Советская история, на которой воспитывались будущие радикальные русские националисты, изображала весь досоветский период эпохой народных страданий. Однако если советская схема основывалась на классовом подходе и под народом понимались угнетённые массы, то в глазах русских националистов, питавших симпатии к этнорасовому подходу, «народ» отождествлялся с «русским народом», а его угнетателями сделались «чужеземцы» и «инородцы». Этот подход оказалось возможным применить и к советской эпохе, которая также вызывала неприятие у русских националистов тем, что якобы и в то время «власть инородцев» упорно сохраняла свои позиции [311]. Мало того, возвращение русскому православию достойного места в обществе также не устраивало русских радикалов, ибо и в христианстве они усматривали враждебную силу, якобы тесно связанную с происками всё тех же «инородцев», стремившихся закабалить русский народ. Поэтому, как мы видели, история ВК тесно смыкается с историей антисемитизма.
По указанным причинам русские радикалы отрицали не только советскую историю, но вместе с ней и всю эпоху господства христианства на Руси. Такая история была для них сродни колониальной и полностью ими отвергалась как несоответствующая интересам русского народа. Им нужна была другая история, свободная от какой-либо «иноземной зависимости» и «чужеродного господства», история, в которой господствовал «русский Бог». Такую историю они могли обнаружить только в языческие времена, и вот почему среди них столь большую популярность получило русское язычество. Поэтому становление нового русского национализма шло рука об руку с формированием русского неоязычества [312].
Такая идеология была неразрывно связана с идеей «чистоты» — чистоты культурной, языковой и расовой. И именно это ей обеспечивало новое обращение к «арийскому мифу». И неважно, что этот миф был дискредитирован живодёрской практикой нацистской Германии. Ведь оставалась возможность обвинить нацистских вождей в «извращении» высоких идей и заменить германский «арийский миф» «славяно-арийским», якобы лучше обеспеченным источниками и лучше соответствующим современным научным знаниям.
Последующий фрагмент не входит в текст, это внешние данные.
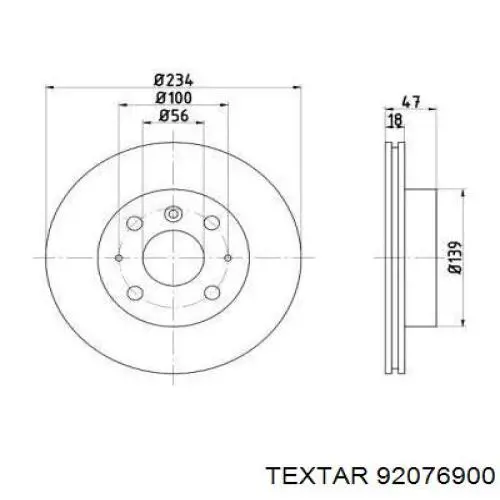 Передние тормозные диски 92076900 Textar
Между тем одного желания внедрить «арийский миф» в общественное сознание было недостаточно. Для этого должна была сложиться подходящая обстановка, обеспечивающая таким идеям благоприятный общественный климат. И такое время пришло в годы крушения Советского Союза и глубокого всеобъемлющего кризиса, в котором оказалось российское общество в 1990-х гг. Похоже, чем глубже социально-политический кризис, тем более грандиозным должен выглядеть национальный миф, способный подвигнуть людей на неимоверные усилия по выходу из него. Такую роль, например, играл коммунистический миф в первые десятилетия советской власти. Именно он создал идеологическую основу для того, чтобы стало возможным за считанные десятилетия превратить крестьянскую страну в высокоразвитую индустриальную державу. И в эпоху заката коммунистической утопии некоторым политически активным интеллектуалам казалось, что её следует срочно заменить новым, не менее привлекательным мифом. В качестве такового лидеры радикального русского национализма избрали миф об «арийских предках».
Вера в предков оказалась эрзац-религией, служащей последним прибежищем страждущим и обездоленным, каковыми ощущали себя подавляющее большинство жителей России в 1990-х гг. Чем беспросветнее казалась окружающая обстановка, тем более светлым виделся образ древнего прошлого. Истинный Золотой век оказывался не впереди, как учили коммунисты, а далеко позади, где царила свобода, не было угнетения, человек находился в гармонии с природой, всё решалось сообща, существовала прочная взаимная поддержка, а предательство и низменные страсти были неизвестны. Такая идеализированная картина отдалённого прошлого рисовалась по оппозиции к прямо противоположной обстановке, которую люди наблюдали вокруг. Им хотелось верить, что наваждение пройдет и снова вернётся былая идиллия. Поэтому в моду вошла идея циклического времени, и привлекательным сделался образ «особой цивилизации», развивающейся по своим собственным законам [313]. И пускай все это входило в противоречие с профессиональными историческими знаниями, зато обладало гораздо большей эмоциональной силой, способной пробудить творческую энергию. Мало того, новую конкуренцию профессиональной истории теперь составили эзотерические учения, также всемерно использующие «арийскую идею» для предсказаний будущего и для создания нового привлекательного мифа о величественной миссии, якобы ожидающей Россию.